A College Girl's Guide to a Happy, Healthy Lifestyle!

Easiest White Bread | One Cook, One Book | Little Beach Street Bakery

The smell of fresh bread baking in the early hours of a spring morning is one of the most comforting smells. I woke up early this morning with the intentions of starting the first recipe of this challenge– Easiest White Bread– at 7:00 am… but didn’t start until around 9:00. That’s fine, no problem.


Jenny Colgan begins this recipe explaining that it’s great to try on a lazy Sunday, but I decided that I’m going to bake it on this lazy(ish) Saturday instead. She also explains that it’s an incredibly easy bread, and perfect for beginners.


Easiest bread I can ever make? Challenge accepted.


The first step made me curious… Her recipe explains to heat the bread flour in the microwave for about a minute. Heat the flour? Why?


I had to do some research for myself. I absolutely love learning food science-y things, and this was giving me an opportunity to do just that! Unfortunately, my first searches lead to dead ends. I couldn’t find much about why it’s good to heat the flour, but I found reasons as to why it’s good to toast flour… Toasting flour adds a nutty flavour to breads and pastas when used. Not only that, but it gives the bread a darker colour. I definitely think I’ll try this next time I make bread, just to see how it differs in taste and look!

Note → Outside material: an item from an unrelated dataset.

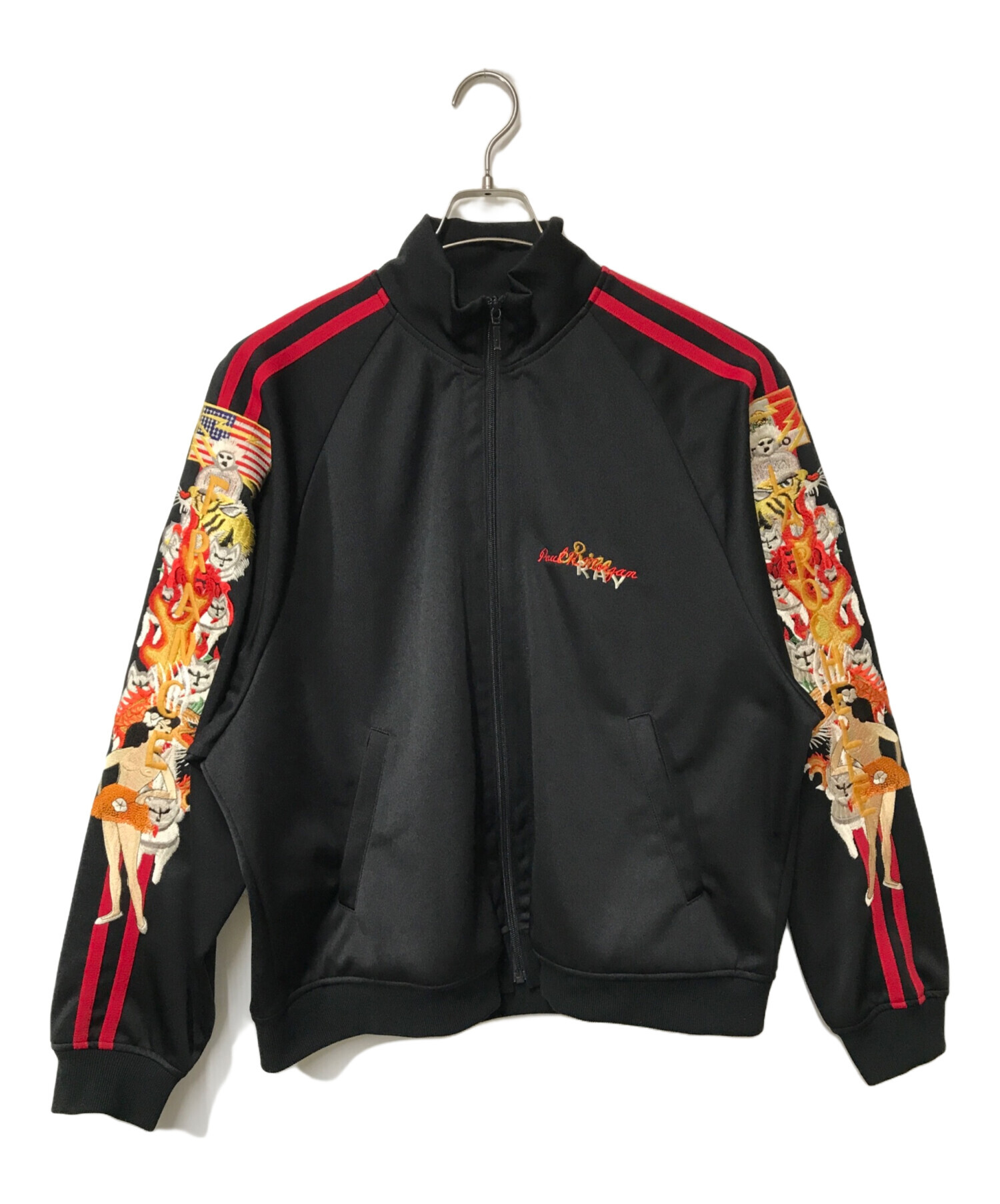 doublet (ダブレット) カオス刺繍トラックジャケット doublet ダブレット カオスエンブロイダリートラックジャケット CHAOS  EMBROIDERY TRACK JAKET 18AW18BL78 ブラック サイズ:M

I was still stumped, and really wanted to know the reason for warming the flour! I reached out to multiple social media sites to see if anyone had any idea what the purpose of warm water is. A woman named Debra reached back out to me:


“I’ve heard of it but not in a long time. Depending on where the flour was stored, it might be very cold. Warming it would keep the dough temperature even and not slow down the yeast or starter. You want to be careful that the temperature has fallen to under 90 before adding to your other ingredients so it doesn’t kill the yeast.”


That, being the only response I received, was enough of a reason for me!

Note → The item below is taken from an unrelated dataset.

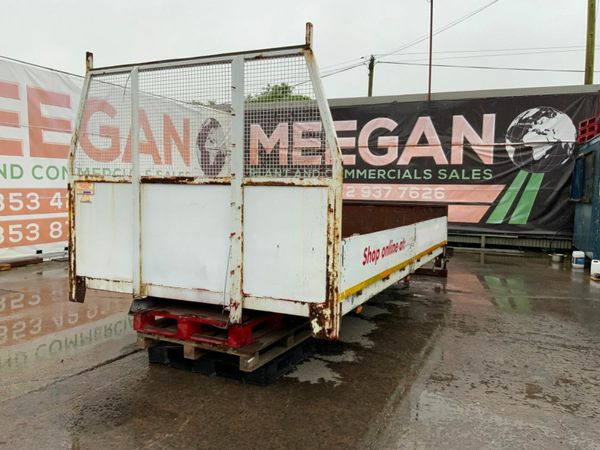 18ft DROP SIDE BODY...REAR HIAB CRADLE. 377231951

So after letting the dough proof, I wasn’t sure which kind of loaf pan to use. I have multiple loaf pan sizes, and even have some aluminum round ones that would fit the entire loaf, but I decided to try out two different sizes of loaf pans to see which one works best with this amount of dough. Popped it in the oven, and not even ten minutes after it was in there I could already smell the yeasty scent I’ve been anxiously awaiting all morning!


Decisions Decisions! These are just two of my many different sized bread tins. Chose these two to work with for this recipe.

After anxiously waiting around 25 minutes… voila! My loaves of fresh white bread.


I have to say that this bread was absolutely amazing. Like, seriously. Amaze-balls. I just need to work on my rolling technique (you can see that the top is super crinkly and not smooth) but besides that I believe it came out quite well! I definitely also came to the conclusion that the smaller of the two loaf pans worked better.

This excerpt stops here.